Task to complete: Write out, exactly and in full, the line where "Girls Parrot Embroidery" appears together with all lines that follow it in the entries below. Do not include pictures.

----

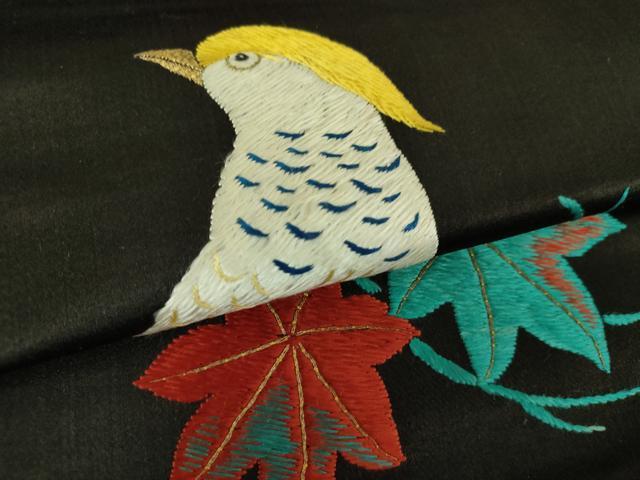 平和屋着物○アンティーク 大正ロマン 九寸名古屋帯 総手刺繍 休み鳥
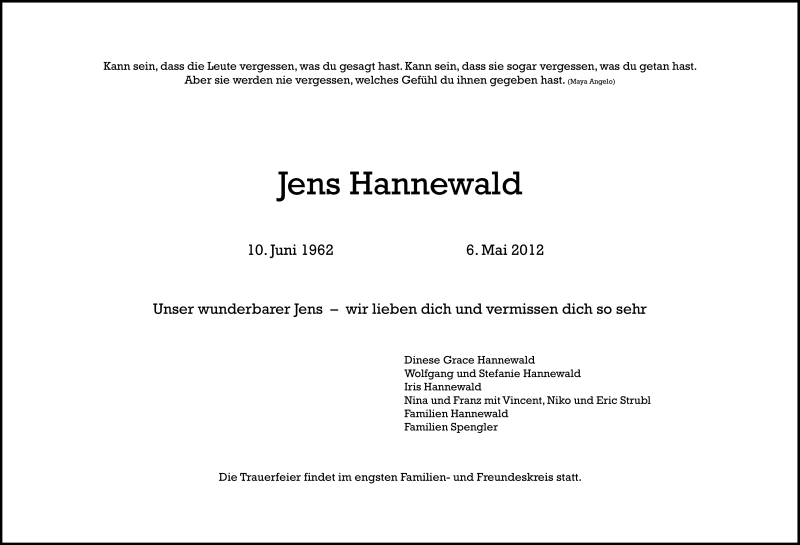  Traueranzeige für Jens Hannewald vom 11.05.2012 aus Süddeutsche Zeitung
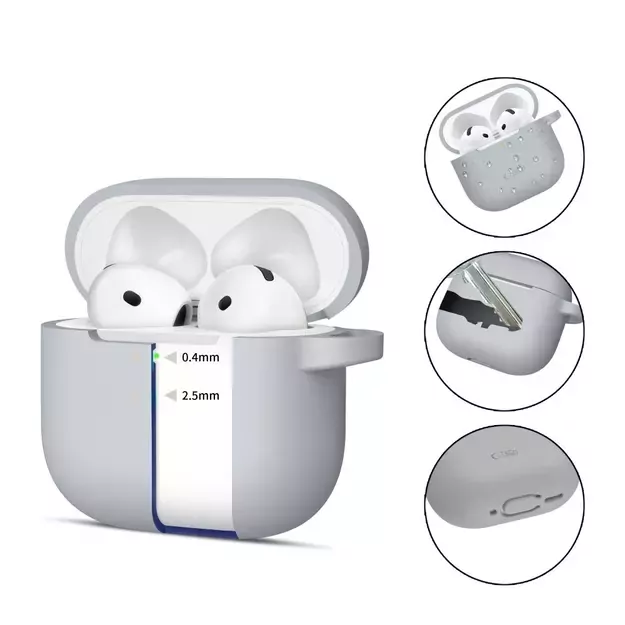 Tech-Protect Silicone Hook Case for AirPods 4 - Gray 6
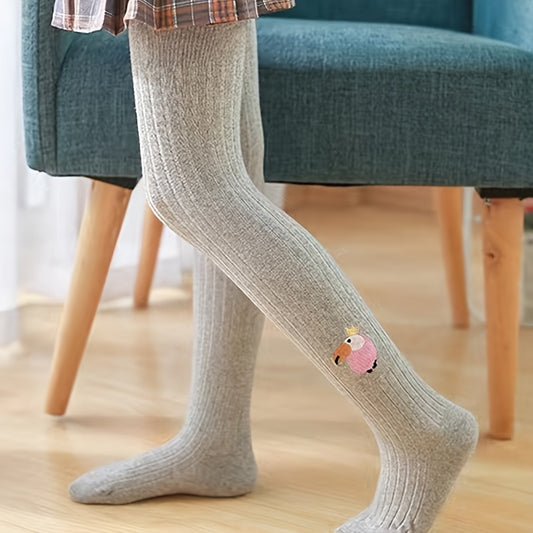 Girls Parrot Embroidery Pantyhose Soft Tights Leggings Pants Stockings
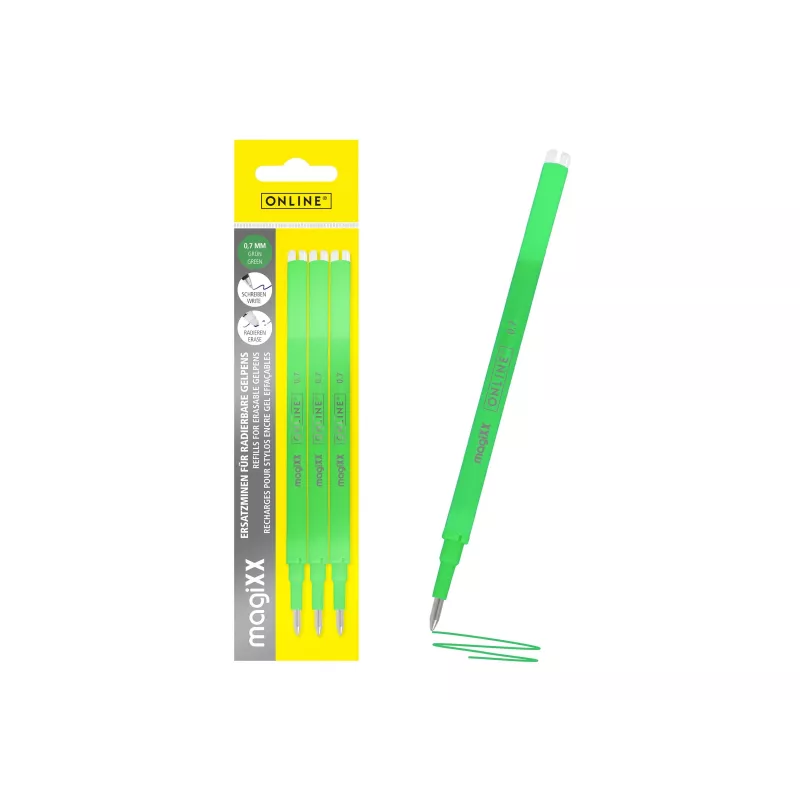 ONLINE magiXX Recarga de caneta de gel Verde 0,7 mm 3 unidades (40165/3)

----

Solution:
 Girls Parrot Embroidery Pantyhose Soft Tights Leggings Pants Stockings
 ONLINE magiXX Recarga de caneta de gel Verde 0,7 mm 3 unidades (40165/3)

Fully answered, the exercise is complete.